= Viva Festival =

UK film festival

Viva festival logo

¡Viva! Spanish and Latin American Film Festival is an annual festival, established in 1995, that is dedicated to the promotion and appreciation of Spanish and Latin American cinema. It takes place at HOME, Manchester (2015 onward), having previously taken place at Cornerhouse, Manchester (1995 - 2015).

¡Viva! is the only UK festival dedicated to the promotion of Spanish and Latin American cinema. The festival used to focus only on Spanish cinema, but in the mid-2000's it expanded to Latin America as well. It is produced by HOME (previously Cornerhouse) in partnership with Manchester’s Instituto Cervantes and with The University of Manchester and Manchester Metropolitan University.

It presents a wide range of Spanish language films from across the globe.

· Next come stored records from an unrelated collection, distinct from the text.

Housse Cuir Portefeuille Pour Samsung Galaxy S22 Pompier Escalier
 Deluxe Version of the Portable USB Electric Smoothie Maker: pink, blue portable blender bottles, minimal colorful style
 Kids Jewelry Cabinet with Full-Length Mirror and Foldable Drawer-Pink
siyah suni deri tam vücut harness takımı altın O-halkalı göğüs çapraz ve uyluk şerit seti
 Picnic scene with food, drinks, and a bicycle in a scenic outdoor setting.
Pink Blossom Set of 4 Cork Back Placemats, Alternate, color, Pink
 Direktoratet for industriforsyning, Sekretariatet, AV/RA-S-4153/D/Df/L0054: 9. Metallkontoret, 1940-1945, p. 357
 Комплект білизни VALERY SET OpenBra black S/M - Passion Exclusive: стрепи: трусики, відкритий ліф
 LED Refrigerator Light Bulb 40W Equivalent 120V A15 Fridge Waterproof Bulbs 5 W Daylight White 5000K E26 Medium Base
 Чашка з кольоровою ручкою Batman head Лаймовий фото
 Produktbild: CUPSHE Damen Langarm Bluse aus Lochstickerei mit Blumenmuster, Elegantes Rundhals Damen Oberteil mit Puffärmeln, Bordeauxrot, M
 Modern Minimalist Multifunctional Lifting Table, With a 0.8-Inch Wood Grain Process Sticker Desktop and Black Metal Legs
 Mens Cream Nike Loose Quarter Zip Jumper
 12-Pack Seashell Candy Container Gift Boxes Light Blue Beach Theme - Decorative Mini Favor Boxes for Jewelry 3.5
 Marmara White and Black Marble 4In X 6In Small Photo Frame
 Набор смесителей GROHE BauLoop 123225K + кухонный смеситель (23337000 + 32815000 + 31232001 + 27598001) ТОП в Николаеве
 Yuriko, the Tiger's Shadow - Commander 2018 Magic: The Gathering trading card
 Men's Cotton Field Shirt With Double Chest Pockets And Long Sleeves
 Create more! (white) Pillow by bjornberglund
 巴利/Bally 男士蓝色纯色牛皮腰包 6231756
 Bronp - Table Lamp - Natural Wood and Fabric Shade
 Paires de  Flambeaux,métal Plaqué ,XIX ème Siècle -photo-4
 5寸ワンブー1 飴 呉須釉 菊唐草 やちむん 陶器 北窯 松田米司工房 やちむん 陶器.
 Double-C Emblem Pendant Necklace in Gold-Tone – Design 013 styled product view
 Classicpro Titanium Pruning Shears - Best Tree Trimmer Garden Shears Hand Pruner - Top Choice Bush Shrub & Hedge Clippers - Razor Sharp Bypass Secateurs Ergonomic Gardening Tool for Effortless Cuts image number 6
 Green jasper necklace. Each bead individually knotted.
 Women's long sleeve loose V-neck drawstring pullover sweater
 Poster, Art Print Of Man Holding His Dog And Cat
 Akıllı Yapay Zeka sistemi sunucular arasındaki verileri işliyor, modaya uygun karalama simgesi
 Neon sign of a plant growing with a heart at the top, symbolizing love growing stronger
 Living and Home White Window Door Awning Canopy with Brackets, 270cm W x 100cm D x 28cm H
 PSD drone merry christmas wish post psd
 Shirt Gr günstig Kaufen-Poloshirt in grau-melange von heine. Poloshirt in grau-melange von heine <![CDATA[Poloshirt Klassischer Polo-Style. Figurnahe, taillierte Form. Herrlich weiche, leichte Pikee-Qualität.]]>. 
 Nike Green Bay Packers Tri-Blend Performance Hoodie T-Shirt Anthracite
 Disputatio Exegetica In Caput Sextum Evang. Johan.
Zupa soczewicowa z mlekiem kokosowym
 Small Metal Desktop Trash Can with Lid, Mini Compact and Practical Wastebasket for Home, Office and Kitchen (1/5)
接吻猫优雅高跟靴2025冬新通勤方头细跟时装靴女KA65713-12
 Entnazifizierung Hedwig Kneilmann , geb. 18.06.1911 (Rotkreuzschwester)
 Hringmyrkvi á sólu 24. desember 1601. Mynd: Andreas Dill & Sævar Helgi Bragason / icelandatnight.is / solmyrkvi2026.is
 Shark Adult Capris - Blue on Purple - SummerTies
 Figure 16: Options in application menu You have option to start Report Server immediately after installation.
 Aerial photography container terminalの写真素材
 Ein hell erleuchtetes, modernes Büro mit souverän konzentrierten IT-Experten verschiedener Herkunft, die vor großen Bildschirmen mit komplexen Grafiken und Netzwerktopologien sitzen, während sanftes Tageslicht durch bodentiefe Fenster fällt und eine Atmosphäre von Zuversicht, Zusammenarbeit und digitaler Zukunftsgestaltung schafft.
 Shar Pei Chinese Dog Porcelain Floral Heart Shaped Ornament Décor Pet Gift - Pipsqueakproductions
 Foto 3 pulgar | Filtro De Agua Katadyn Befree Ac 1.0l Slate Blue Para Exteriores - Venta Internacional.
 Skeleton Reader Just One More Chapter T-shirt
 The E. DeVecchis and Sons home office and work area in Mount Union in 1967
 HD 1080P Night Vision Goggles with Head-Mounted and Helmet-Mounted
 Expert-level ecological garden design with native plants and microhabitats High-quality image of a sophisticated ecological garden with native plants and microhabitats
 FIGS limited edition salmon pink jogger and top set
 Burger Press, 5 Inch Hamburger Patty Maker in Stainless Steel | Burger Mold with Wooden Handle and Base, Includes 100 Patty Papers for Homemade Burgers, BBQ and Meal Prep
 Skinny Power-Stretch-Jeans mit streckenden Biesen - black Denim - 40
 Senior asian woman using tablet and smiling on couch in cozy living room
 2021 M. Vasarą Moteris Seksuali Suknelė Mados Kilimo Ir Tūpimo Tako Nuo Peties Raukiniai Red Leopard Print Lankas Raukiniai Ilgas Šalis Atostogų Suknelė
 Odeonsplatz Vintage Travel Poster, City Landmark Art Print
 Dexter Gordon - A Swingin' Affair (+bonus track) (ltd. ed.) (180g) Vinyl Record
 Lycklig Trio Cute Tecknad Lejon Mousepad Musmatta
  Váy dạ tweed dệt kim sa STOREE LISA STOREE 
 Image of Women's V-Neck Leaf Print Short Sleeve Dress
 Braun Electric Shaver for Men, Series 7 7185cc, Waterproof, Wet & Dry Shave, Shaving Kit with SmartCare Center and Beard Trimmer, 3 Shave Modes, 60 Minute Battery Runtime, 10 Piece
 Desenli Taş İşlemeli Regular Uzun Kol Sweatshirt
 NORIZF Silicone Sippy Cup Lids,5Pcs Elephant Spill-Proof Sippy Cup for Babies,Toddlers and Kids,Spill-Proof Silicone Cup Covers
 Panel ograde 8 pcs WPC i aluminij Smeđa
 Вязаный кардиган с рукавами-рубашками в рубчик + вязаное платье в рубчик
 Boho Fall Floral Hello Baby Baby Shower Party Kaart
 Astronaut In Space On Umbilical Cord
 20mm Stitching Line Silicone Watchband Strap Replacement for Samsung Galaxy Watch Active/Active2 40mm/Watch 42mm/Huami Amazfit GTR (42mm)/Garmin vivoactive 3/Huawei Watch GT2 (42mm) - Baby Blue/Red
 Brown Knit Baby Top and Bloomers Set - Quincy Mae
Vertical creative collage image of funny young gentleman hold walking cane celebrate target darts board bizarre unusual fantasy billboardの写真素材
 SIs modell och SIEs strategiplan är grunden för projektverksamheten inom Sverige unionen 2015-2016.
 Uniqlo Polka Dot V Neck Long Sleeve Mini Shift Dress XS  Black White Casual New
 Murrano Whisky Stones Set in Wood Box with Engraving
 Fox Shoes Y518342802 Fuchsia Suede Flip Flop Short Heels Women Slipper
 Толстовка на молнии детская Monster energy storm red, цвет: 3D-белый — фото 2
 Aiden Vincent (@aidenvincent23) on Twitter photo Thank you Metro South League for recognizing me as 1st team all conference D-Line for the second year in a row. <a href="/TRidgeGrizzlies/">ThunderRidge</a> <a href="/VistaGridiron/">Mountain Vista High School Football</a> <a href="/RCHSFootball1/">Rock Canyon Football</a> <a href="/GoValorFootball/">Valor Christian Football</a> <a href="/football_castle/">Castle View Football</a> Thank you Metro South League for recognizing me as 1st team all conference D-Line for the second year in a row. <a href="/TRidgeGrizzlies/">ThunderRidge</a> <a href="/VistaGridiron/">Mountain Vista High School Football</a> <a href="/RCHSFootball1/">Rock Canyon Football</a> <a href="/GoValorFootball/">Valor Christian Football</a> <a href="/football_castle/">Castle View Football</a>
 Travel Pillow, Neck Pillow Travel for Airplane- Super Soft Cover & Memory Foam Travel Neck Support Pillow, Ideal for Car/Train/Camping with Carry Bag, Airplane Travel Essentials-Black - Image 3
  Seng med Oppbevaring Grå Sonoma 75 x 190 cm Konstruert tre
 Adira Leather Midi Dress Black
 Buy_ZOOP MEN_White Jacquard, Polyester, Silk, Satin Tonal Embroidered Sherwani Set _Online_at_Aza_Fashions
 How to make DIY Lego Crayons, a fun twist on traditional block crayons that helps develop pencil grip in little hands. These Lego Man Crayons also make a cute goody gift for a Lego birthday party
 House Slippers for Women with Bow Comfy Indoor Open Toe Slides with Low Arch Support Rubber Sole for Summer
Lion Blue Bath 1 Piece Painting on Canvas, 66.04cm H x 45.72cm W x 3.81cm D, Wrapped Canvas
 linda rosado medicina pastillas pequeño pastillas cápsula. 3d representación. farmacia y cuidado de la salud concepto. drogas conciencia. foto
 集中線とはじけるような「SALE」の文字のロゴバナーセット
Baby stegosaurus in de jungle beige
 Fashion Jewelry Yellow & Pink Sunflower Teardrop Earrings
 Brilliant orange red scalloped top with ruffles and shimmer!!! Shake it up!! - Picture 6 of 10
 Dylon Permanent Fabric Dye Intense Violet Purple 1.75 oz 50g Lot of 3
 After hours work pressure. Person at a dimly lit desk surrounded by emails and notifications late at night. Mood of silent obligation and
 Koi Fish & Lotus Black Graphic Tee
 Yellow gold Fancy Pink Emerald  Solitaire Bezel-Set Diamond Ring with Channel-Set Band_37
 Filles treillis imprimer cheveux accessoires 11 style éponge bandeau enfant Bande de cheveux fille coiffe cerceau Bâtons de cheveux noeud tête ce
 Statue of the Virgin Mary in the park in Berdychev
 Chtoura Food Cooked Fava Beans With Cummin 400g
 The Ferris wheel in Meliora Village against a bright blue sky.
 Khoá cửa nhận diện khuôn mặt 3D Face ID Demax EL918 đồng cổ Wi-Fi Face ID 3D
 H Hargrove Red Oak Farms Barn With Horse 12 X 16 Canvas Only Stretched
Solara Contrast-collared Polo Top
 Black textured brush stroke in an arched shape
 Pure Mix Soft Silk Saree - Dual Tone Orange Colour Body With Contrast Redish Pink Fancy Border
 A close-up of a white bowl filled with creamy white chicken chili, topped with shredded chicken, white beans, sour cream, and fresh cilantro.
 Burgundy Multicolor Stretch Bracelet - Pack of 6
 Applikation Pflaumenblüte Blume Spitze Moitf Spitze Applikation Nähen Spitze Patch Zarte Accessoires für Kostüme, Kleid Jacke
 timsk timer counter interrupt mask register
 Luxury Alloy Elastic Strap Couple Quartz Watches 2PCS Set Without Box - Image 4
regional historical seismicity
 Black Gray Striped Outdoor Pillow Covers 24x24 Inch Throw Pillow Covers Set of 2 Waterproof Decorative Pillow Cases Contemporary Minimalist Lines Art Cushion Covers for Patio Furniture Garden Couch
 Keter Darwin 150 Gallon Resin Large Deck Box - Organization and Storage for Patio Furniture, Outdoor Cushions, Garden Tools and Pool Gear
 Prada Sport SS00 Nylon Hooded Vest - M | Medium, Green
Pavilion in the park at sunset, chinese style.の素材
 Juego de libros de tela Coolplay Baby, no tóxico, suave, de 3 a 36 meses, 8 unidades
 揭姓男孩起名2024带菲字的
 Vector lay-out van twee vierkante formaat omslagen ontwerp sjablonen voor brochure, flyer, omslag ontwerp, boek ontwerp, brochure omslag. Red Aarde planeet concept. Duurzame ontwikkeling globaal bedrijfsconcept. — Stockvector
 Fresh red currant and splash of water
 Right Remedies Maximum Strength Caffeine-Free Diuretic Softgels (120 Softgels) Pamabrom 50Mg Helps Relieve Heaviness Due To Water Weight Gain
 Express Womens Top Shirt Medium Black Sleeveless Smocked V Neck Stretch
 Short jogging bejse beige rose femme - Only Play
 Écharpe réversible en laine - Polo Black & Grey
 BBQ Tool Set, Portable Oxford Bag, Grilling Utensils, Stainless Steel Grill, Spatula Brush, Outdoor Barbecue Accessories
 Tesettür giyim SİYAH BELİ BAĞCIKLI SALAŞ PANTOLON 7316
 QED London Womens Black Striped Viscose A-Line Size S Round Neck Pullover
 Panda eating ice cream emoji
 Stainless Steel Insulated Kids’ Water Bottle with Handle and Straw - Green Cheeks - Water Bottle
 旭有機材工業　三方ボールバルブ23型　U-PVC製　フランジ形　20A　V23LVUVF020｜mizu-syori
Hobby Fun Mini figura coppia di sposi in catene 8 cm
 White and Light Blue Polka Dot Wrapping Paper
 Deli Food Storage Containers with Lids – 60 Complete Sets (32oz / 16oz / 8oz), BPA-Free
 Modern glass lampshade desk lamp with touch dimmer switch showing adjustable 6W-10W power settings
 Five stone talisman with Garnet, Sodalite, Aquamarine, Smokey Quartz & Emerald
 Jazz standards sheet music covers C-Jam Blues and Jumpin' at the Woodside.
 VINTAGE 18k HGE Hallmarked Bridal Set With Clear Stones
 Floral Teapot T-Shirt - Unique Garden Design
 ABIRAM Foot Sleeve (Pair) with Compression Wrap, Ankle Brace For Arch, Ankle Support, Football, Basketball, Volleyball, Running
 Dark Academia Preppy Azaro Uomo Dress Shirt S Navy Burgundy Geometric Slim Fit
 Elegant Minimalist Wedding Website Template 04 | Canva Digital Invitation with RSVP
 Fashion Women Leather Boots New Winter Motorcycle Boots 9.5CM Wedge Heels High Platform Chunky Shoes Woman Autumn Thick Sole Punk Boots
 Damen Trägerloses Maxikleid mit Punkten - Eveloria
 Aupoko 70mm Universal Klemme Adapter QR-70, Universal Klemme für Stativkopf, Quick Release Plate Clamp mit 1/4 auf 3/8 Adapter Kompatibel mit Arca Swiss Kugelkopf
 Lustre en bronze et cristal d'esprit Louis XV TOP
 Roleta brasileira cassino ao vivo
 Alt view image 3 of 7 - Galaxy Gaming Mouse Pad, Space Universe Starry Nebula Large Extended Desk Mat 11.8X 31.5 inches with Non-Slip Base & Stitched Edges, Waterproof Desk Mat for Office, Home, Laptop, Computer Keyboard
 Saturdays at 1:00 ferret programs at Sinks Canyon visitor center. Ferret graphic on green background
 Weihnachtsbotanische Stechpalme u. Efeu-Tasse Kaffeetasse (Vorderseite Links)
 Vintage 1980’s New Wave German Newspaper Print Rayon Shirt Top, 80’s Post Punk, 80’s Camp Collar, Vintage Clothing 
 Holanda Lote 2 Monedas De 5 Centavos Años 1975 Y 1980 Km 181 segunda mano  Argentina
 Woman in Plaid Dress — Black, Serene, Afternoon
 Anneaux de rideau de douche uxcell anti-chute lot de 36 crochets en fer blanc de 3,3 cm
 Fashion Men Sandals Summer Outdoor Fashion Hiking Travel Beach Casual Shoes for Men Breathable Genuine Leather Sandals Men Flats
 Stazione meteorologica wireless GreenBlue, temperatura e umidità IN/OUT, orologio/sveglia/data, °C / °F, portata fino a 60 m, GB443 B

The week-long festival is also committed to the teaching of Spanish and Latin American culture, and offers study sessions and engagement events for the general public, GCSE and A-Level students and teachers.

Throughout the years, ¡Viva! has presented a variety of new and independent films, as well as a selection of older productions. Directors and actors have attended to show and discuss their work, including Bigas Luna, Julio Medem, Carlos Sorín, Icíar Bollaín, and Gabriel Nesci amongst others.

In January 2015, it was announced that ¡Viva! would be adopting a new format for the 2015 festival, taking place over three separate weekends throughout the year, to form part of the opening program of HOME, Manchester’s International Centre for Contemporary Visual Art, Film and Theatre that is the result of a merger between Cornerhouse and Manchester’s Library Theatre Company. The first ‘¡Viva! Weekender’ in March 2015 was the last ¡Viva! event to be held at Cornerhouse – all future events related to the festival, including two further ‘Weekenders’ in June and November 2015, focusing on Mexico and Spain respectively, were held at HOME, with the festival returning to its traditional week-long format from 2016.

The ¡Viva! lineup focuses on films that do not make it into regular cinemas, especially in the UK. The titles are chosen from film festivals around the world including Cannes, Berlin and Toronto, among others. The festival does not have open-calls, but does have an extensive network of producers, filmmakers and their friends who might assist the programming team in possible additions to the festival.

The programming team consists of Rachel Hayward (HOME’s Head of Film Strategy), Jessie Gibbs (¡Viva! Festival Coordinator), wo have both worked at the festival since 2005, and Andy Willis from the University of Salford (HOME’s Senior Visiting Curator: Film).